I am struggling to understand how pd.concat works when the input is a dictionary.
Let’s say we have the following pandas dataframe –
# Import pandas library
import pandas as pd
# initialize list of lists
data = [['tom', 10], ['nick', 15], ['juli', 14]]
# Create the pandas DataFrame
df = pd.DataFrame(data, columns=['Name', 'Age'])
Then, we do the following concatenation operation –
z = pd.concat({"z":df},
axis = 1)
print(z)
The output comes out to be –
z
Name Age
0 tom 10
1 nick 15
2 juli 14
It seems like the key z was stacked on top of the dataframe df.

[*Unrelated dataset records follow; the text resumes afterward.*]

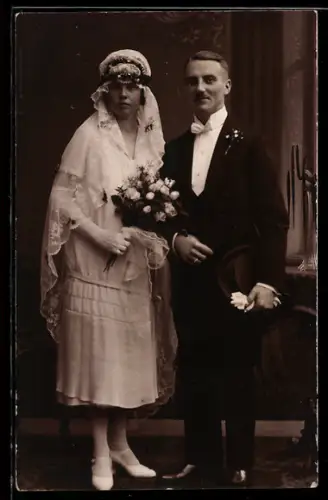 Foto-AK Hochzeitspaar mit Blumen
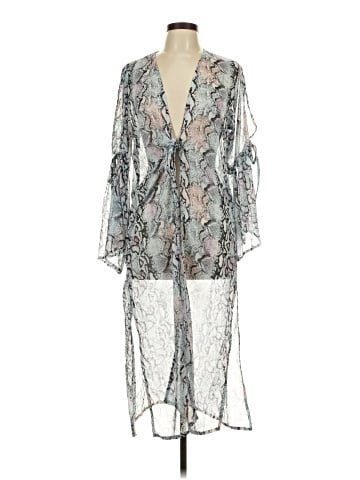 Kendall & Kylie Kimono (view 1)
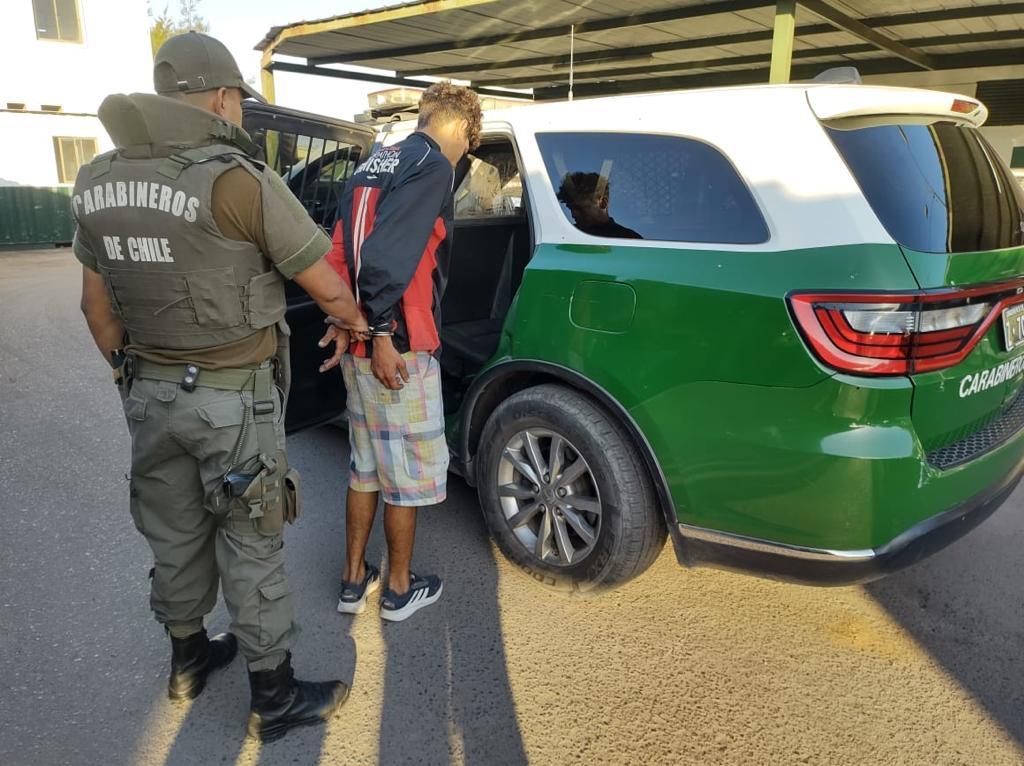 jorgesolimano's tweet photo. #iquique #hospicio #chile  migrante venezolano mordió a carabinero para evitar detención 
Carabineros de la 3ª Comisaría de Alto Hospicio detuvo a un hombre de 22 años que durante un patrullaje preventivo fue sorprendido portando un arma de fuego en la vía pública. https://t.co/P10Rk06hfC
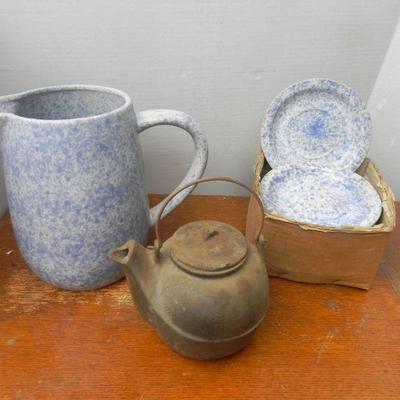 LOT 287  CAST IRON KETTLE & SPECKLED PITCHER AND PLATES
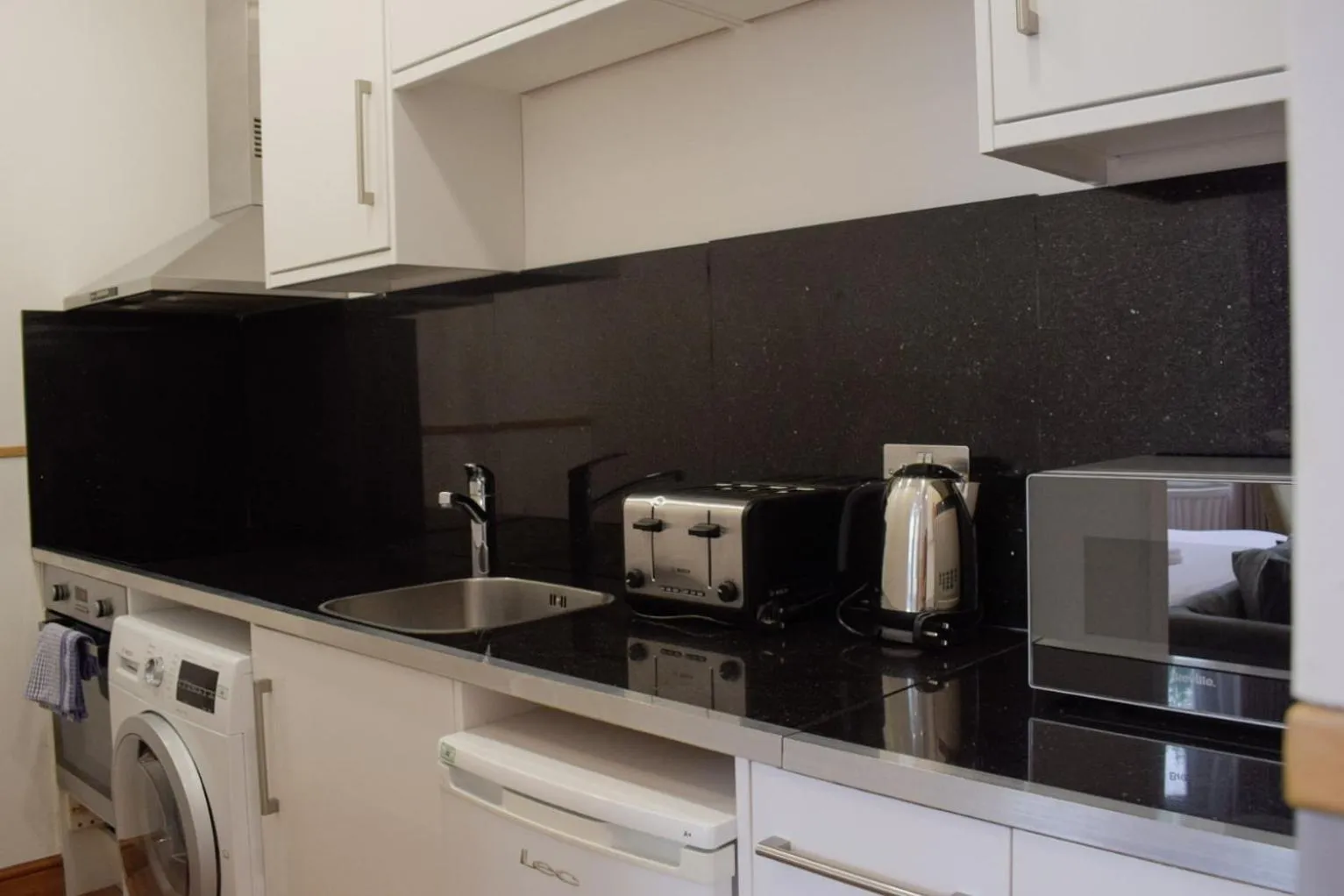 Kitchen or kitchenette in Osborne Aparthotel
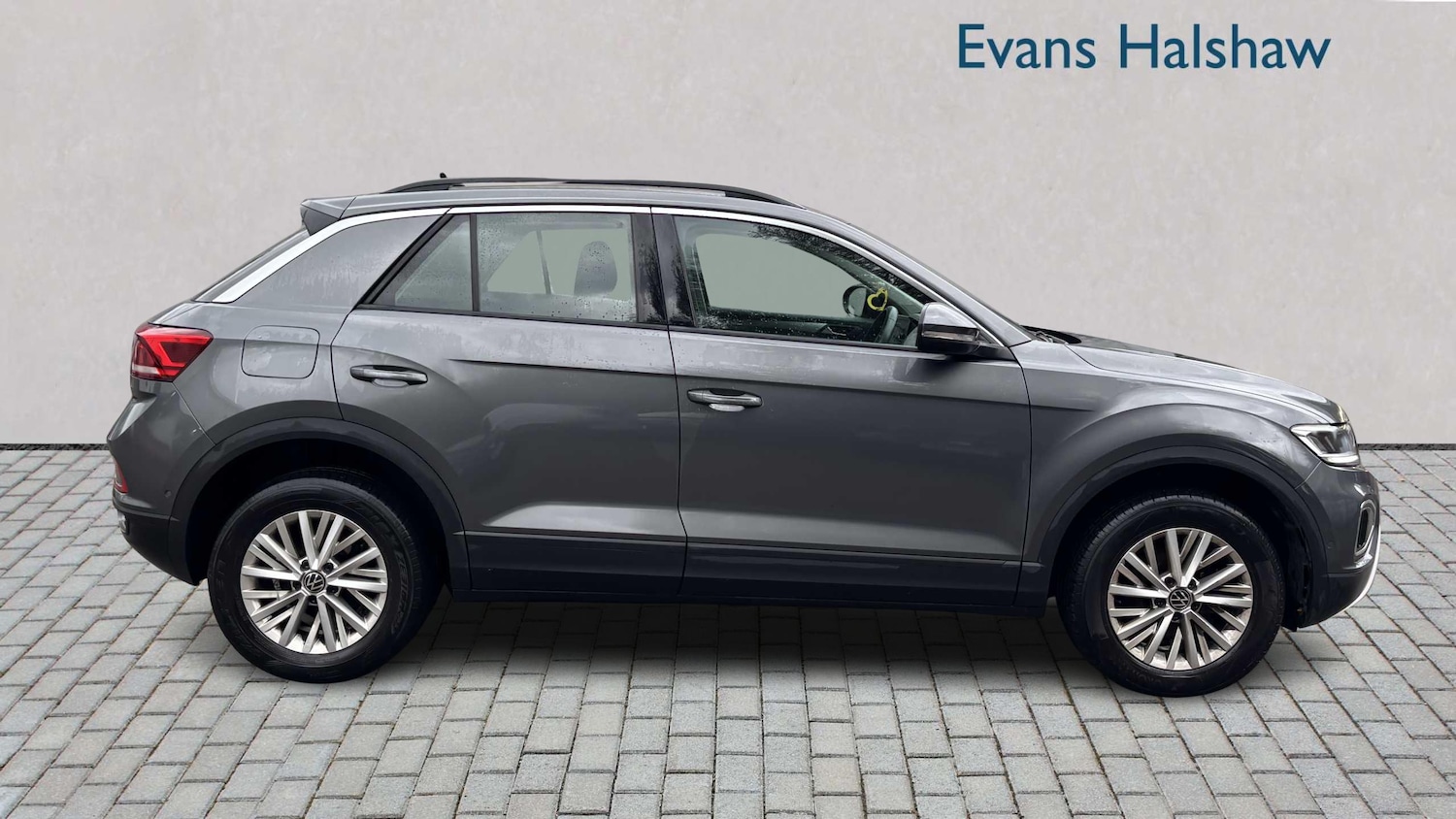 Used Volkswagen T-Roc 2023 for sale - 76501781: Photo 10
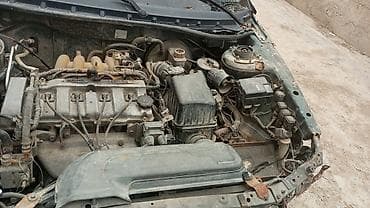 Двигатель и комплект подкапотных узлов для Mazda (бензиновый, рядный — 1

But this doesn’t make sense as the axis specified was 1 and therefore, the stacking (if that’s what occurred) should’ve been across columns.
>Solution :
It actually makes sense, since you concatenate as columns (axis=1) you need to differentiate the concatenated columns.
Here is a more meaningful example:
out = pd.concat({'left': df.add_prefix('left_'),
'middle': df.add_prefix('middle_'),
'right': df.add_prefix('right_')},
axis=1)
left middle right
left_Name left_Age middle_Name middle_Age right_Name right_Age
0 tom 10 tom 10 tom 10
1 nick 15 nick 15 nick 15
2 juli 14 juli 14 juli 14
This is equivalent to passing the new names to keys:
out = pd.concat([df.add_prefix('left_'),
df.add_prefix('middle_'),
df.add_prefix('right_')],
keys=['left', 'middle', 'right'],
axis=1)
If you were concatenating on axis=0 (rows), then concat would prefix an index level:
out = pd.concat({'top': df,
'middle': df,
'bottom': df},
axis=0)
Name Age
top 0 tom 10
1 nick 15
2 juli 14
middle 0 tom 10
1 nick 15
2 juli 14
bottom 0 tom 10
1 nick 15
2 juli 14